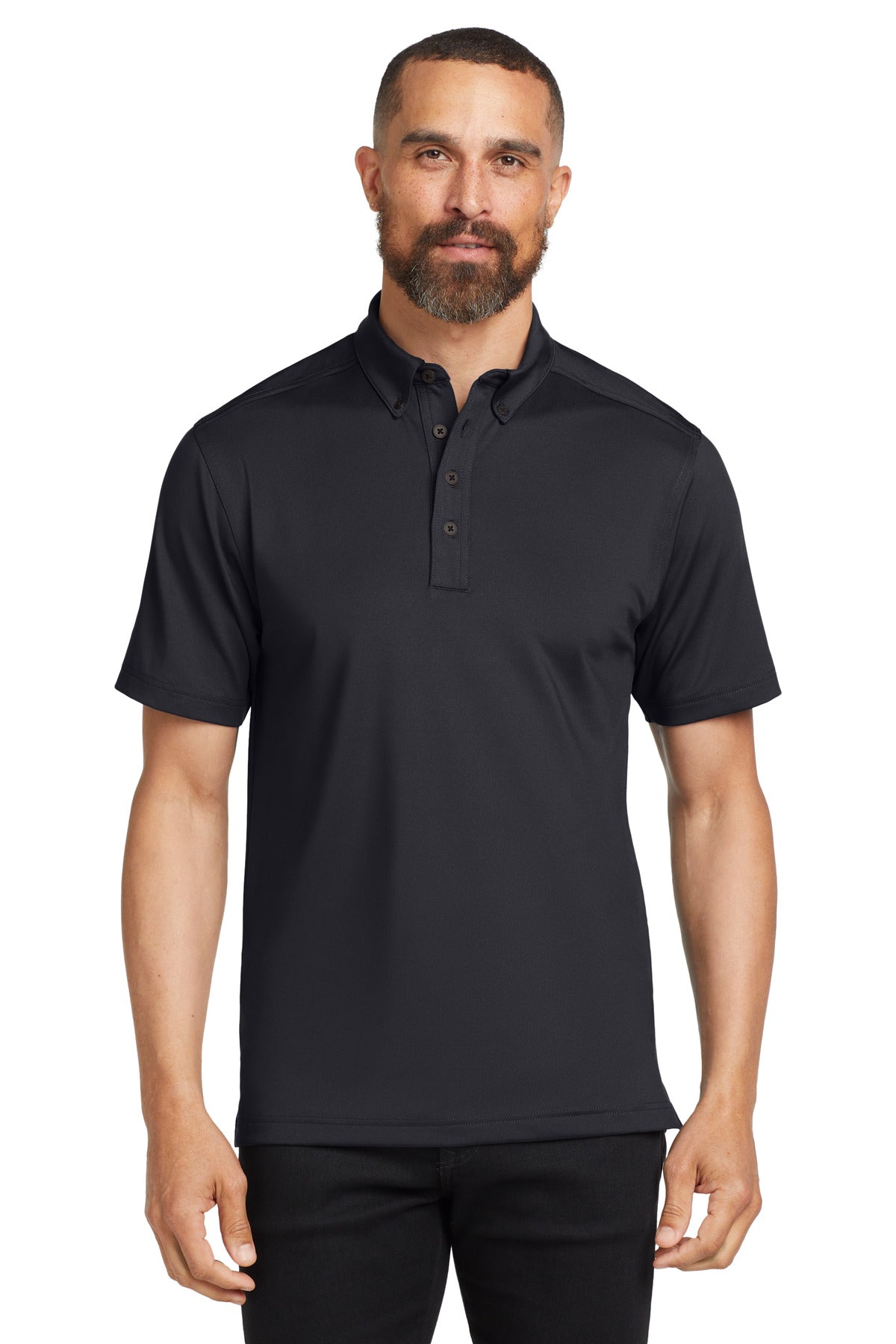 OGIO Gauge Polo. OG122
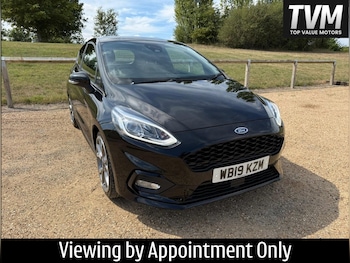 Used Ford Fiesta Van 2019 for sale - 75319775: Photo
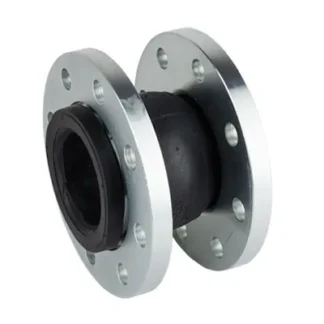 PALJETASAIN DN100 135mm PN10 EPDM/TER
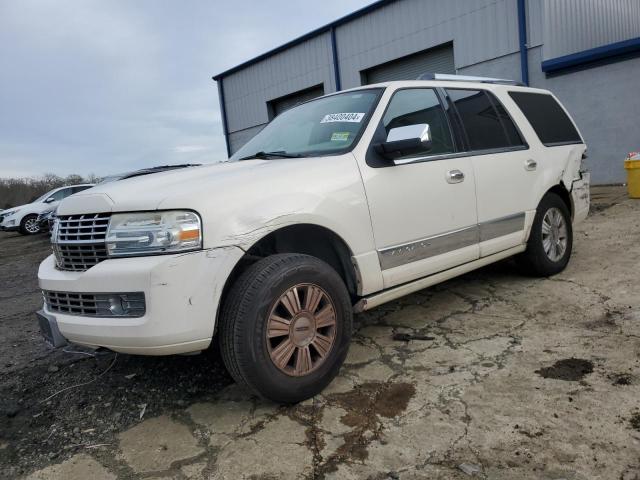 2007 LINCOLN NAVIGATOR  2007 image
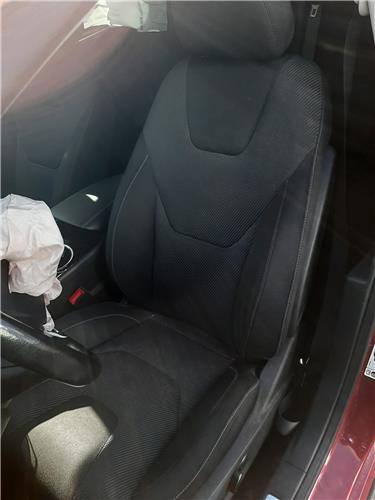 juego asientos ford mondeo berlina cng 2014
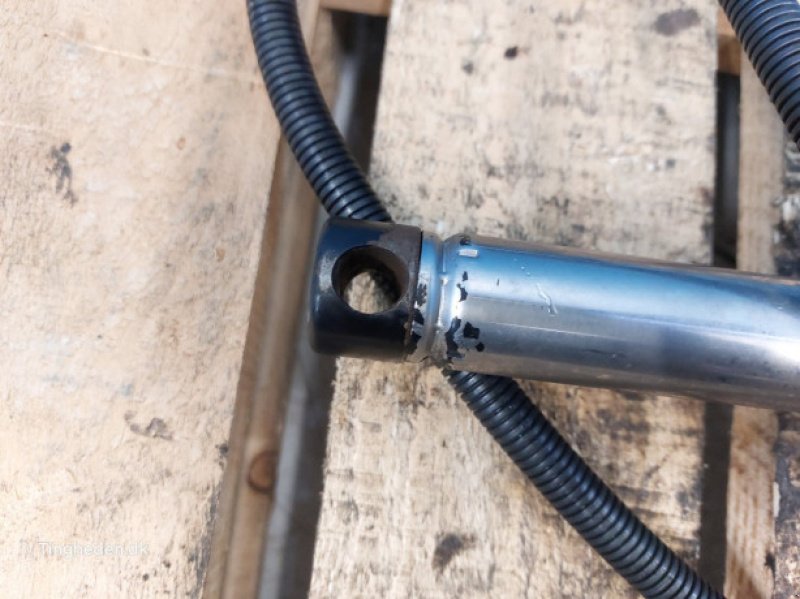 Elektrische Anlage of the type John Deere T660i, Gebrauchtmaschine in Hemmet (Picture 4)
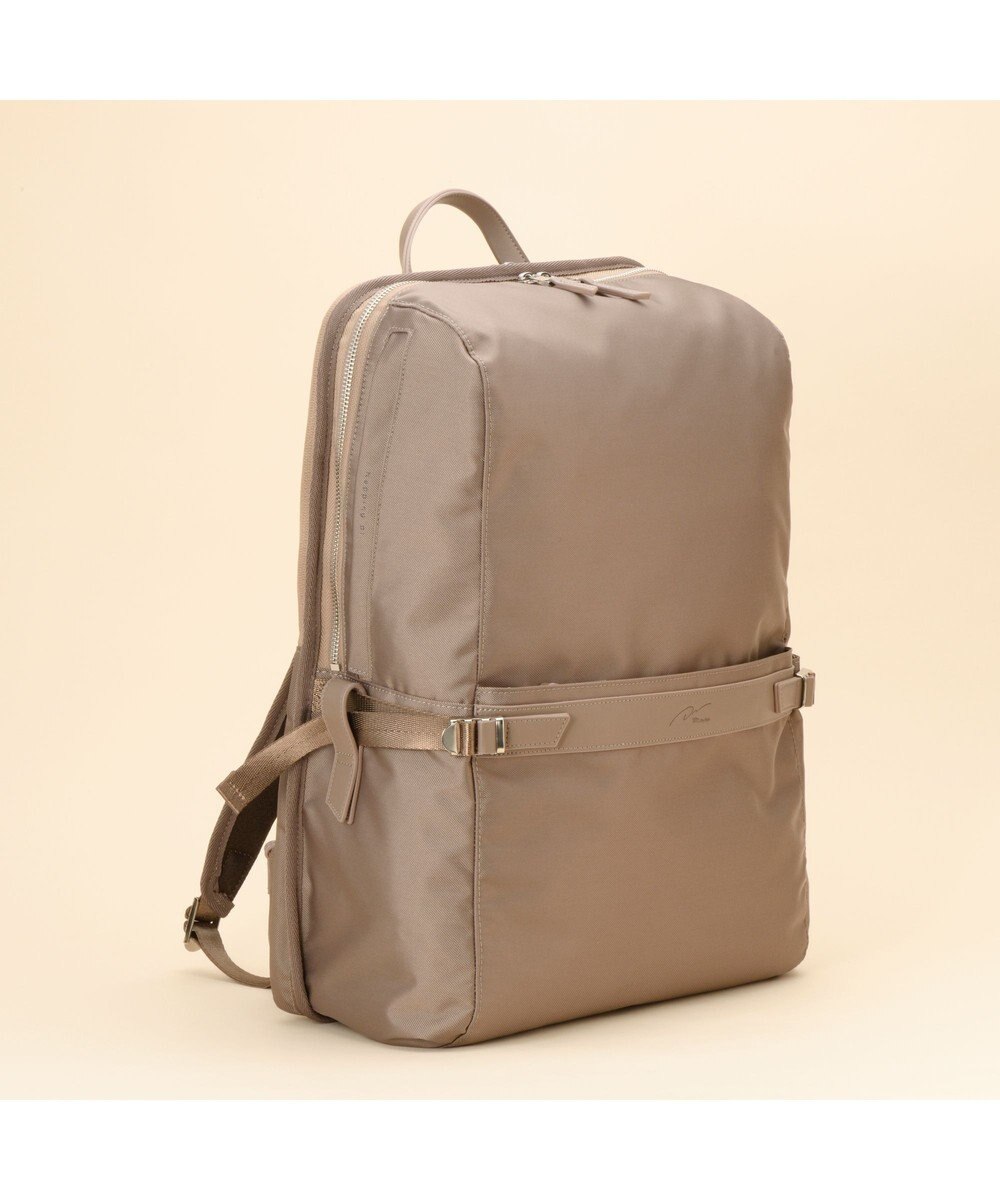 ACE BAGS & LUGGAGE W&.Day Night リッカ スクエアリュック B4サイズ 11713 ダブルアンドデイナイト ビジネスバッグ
*-*-*
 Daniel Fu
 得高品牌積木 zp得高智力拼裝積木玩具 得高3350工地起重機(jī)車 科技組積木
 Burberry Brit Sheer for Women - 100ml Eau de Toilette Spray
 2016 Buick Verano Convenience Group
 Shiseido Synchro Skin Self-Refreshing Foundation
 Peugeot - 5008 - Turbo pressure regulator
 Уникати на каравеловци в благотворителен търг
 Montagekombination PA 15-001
*-*-*
**Exercise requirements:**
In the listing above, find the line containing "OGIO Gauge Polo. OG122" and the line containing "ACE BAGS & LUGGAGE". Reproduce those lines and all between them exactly, with no pictures and nothing more.

**Expected answer:**
 OGIO Gauge Polo. OG122
 Used Ford Fiesta Van 2019 for sale - 75319775: Photo
 PALJETASAIN DN100 135mm PN10 EPDM/TER
 2007 LINCOLN NAVIGATOR  2007 image
 juego asientos ford mondeo berlina cng 2014
 Elektrische Anlage of the type John Deere T660i, Gebrauchtmaschine in Hemmet (Picture 4)
 ACE BAGS & LUGGAGE W&.Day Night リッカ スクエアリュック B4サイズ 11713 ダブルアンドデイナイト ビジネスバッグ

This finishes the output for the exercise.